Ignoring reality’s excesses, however, misses the artifice built into such fare. Not only can producers employ editing techniques to carefully craft the stories they want to tell, but they’re provided plenty of choices by the wannabe famous, who surely understand by now that outlandish and exaggerated behavior usually pays off in maximum exposure.
The latest offense against a minority group arrives courtesy of VH1. “Let’s Talk About Pep” and “Fantasia for Real” follow musical acts Sandra “Pepa” Denton and “American Idol” contestant Fantasia. They’re not-so-subtly presented as an American-American sitcom block, approximating UPN’s “Girlfriends” and a single-mom comedy, respectively.
In “Fantasia,” the characters include the singer’s 28-year-old brother, Teeny, a committed moocher who test drives expensive cars and responds with horror at the suggestion he get a job.
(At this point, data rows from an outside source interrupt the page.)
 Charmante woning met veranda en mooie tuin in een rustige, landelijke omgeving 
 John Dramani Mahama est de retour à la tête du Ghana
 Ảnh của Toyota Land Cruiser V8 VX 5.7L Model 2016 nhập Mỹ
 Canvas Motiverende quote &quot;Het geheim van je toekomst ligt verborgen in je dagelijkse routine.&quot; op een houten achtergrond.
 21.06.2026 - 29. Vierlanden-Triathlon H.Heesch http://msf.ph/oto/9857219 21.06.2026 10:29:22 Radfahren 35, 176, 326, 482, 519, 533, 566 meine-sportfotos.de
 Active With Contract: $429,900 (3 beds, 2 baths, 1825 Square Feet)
Certainly, few sitcom writers would dare construct a similar portrait of a shiftless black man circa 2010, yet he’s seemingly designed to become the show’s breakout player.
Not all reality-TV stereotypes are equally negative, but they do squeeze into the sort of little boxes that have been rightfully ridiculed in the past.
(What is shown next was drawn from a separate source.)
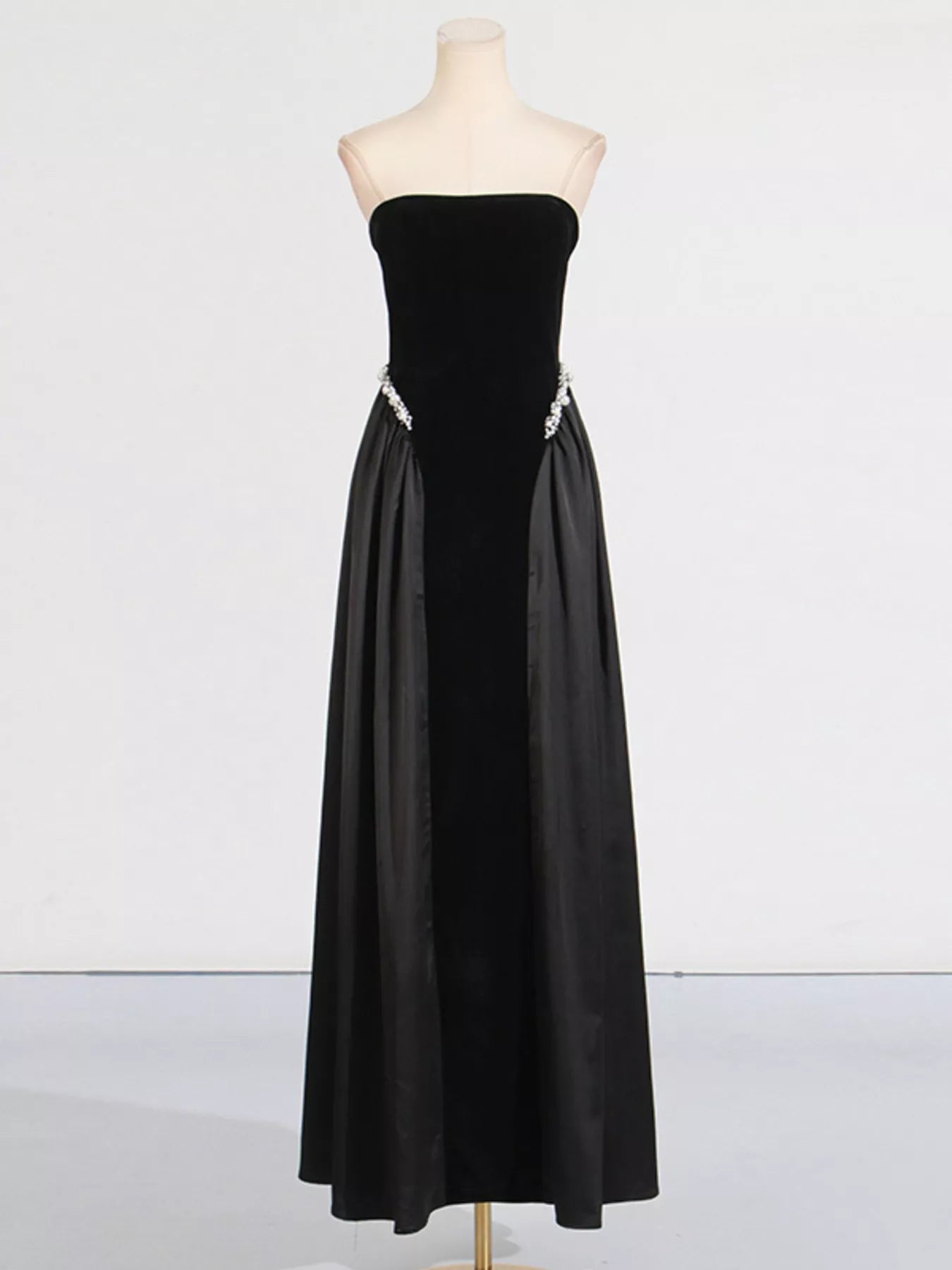 Lace Up Back Tube Maxi Dress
Gays, for example, almost invariably possess an enviable knowledge of fashion, cooking and decorating — presuming the “Queer eye” is inherently superior to its straight counterpart. Yet watch enough reality in this genre and you’ll notice less-laudatory traits as well, among them a tendency to become hysterical under pressure (see Oxygen’s “Addicted to Beauty”) and relentless cattiness that regularly lurches into the snide.
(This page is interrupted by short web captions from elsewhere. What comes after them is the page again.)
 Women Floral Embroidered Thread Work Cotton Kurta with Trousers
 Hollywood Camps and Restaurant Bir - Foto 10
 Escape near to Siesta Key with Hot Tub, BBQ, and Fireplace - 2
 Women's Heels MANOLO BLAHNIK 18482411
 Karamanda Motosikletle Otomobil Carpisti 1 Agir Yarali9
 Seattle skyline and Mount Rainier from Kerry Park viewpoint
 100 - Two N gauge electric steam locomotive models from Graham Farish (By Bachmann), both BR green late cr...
Nevertheless, subsets of minority communities — in some instances no doubt amused by rough-hewn images of themselves — embrace such programs, which in today’s fragmented marketplace can be enough to render them commercially viable.
A less-settling prospect is that less-educated audiences are also tuning in, and perhaps drawing unflattering conclusions based on narrow stereotypes.
Admittedly, unscripted TV has wallowed in such imagery for years, but the shift has evolved in subtle ways.
Programs like “Jerry Springer” and other daytime talk and court shows portray an under-class full of knuckle-dragging cretins, obligingly indulging in affairs and disputes that lead to heated arguments and fisticuffs — the better to be lectured by the hosts.
Even more than drama, reality TV relies on this kind of lazy shorthand, leading to a flat-screen world where blondes are airheads and minorities are too-often shown fleeing from the cops (the latest offender in the latter camp being “Steven Seagal Lawman,” an A&E series set in a depressed part of Louisiana).
The difference is that daytime TV churned out an ever-changing array of characters, whereas series like “Flavor of Love” and “Jersey Shore” are more insidious. Key participants represent an ongoing franchise, as opposed to mere bystanders granted 15 minutes of exposure. As such, their excesses are serialized and in success, magnified.
Moreover, in instances where celebrities (fallen or pseudo) are involved, they can be directly invested in the shows as producers — adding to the incentive to hit their mark, as it were, and play a predetermined part.
As the Newsweek piece concluded, there’s room for broadly drawn characters provided that’s not all the audience sees: “It’s not that gay men and women should pretend to be straight, or file down all their fabulously spiky edges. … The key is balance.”
But if fleshed-out minority roles are sometimes scarce in the scripted realm, thanks to reality TV’s hyperbolic habits, they remain virtually nonexistent there. And whatever alibis they might offer, unscripted producers know precisely what messages they’re sending — from the haughty salons of Beverly Hills and mean streets of Jefferson Parish to the beer-soaked beaches of the Jersey shore.